The turbocharger, exhaust pipe, clamp, and a sample of the silver insulation blanket were sent to NTSB's metallurgical laboratory for analysis. According to the metallurgist's factual report, the metal splatter observed on the turbocharger, exhaust pipe, and clamp contained small embedded fibers. When spectrographically analyzed with an energy dispersive spectrometer (EDS) attached to a scanning electron microscope (SEM), its elements were found to be "mostly aluminum and silicon with a significant amount of oxygen," similar in composition to the aluminum foil faced fiberglass insulation blanket submitted for examination.
There was a brittle transverse fracture of the circumferential tensioning band. The tensioning band holds together two semi-circular clamping segments to make up the band clamp. The fracture was near one of two resistance spot welds. There was little evidence of material yielding except at the extreme edges of the band. The fracture initiated in the vicinity of the spot weld and propagated to both edges of the band as demonstrated by chevron patterns. At the spot weld location, the fracture was "curved and followed the elliptical contour of the spot weld's fusion zone." There was a heat tinting pattern on the tensioning band surface, darkest at the spot weld and lighter toward the edges.
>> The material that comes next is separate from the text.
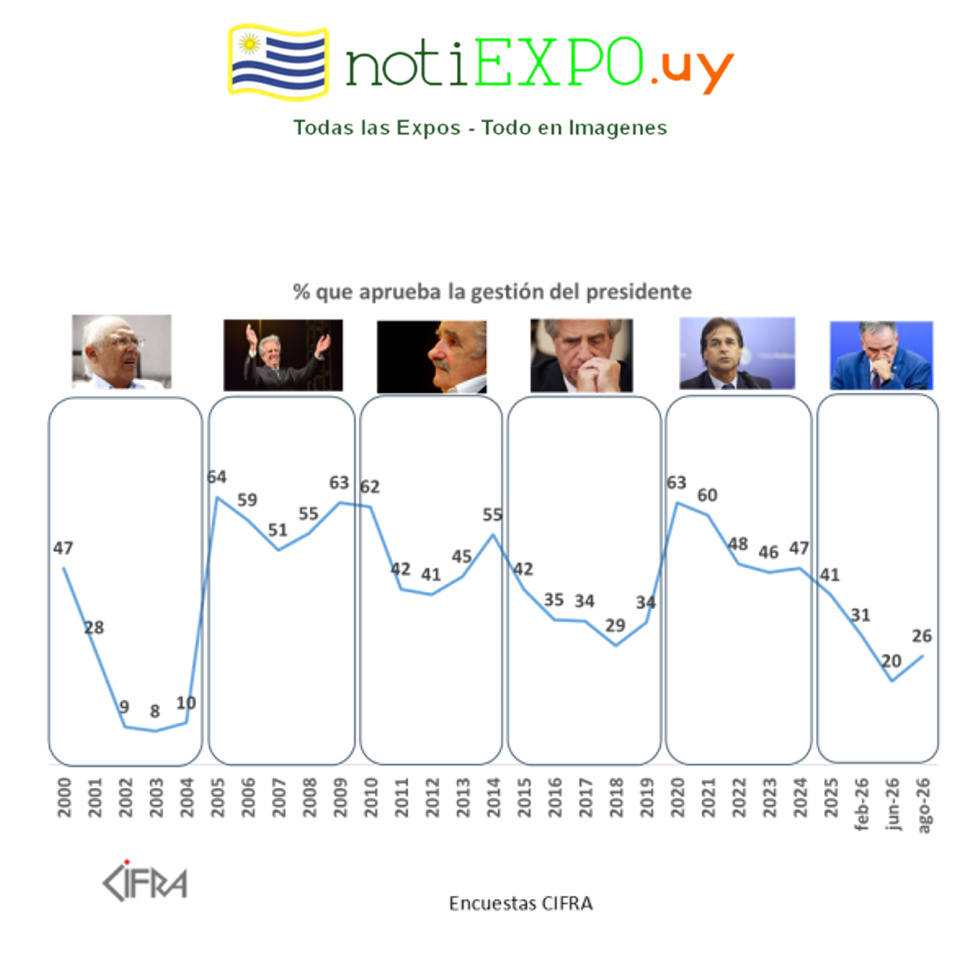 La encuesta de CIFRA da esta informacion publica.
SEM examination of both halves of the fractured tensioning band disclosed "an area of oxidized ductile fracture" in the region corresponding to the fusion zone of the spot weld. The ductile area extended from the inner surface of the band outward through about half of the band's thickness. Immediately outside of the oxidized ductile, the fracture morphology became intergranular and showed no signs of ductility. It remained intergranular throughout the brittle region of the fracture. The ductile areas at each edge of the band had "ductile dimple topographies accompanied by significant amounts through the thickness yielding of the band material."
Tests at room temperature on notched areas of the band material produced ductile fractures in both bending and tension with large amounts of plastic deformation and yielding. The tests also revealed preexisting cracks at both of the tested welds. Oxidized ductile features in the preexisting cracks were similar to those seen in the original fracture that separated the tension band.
In addition to the Federal Aviation Administration, parties to the investigation were the Commander Aircraft Corporation and Textron Lycoming.
The wreckage, with the exception of the turbocharger and associated exhaust plumbing, was released to the insurance company representative on July 22, 1998. The remaining parts were released to him on March 16, 1999.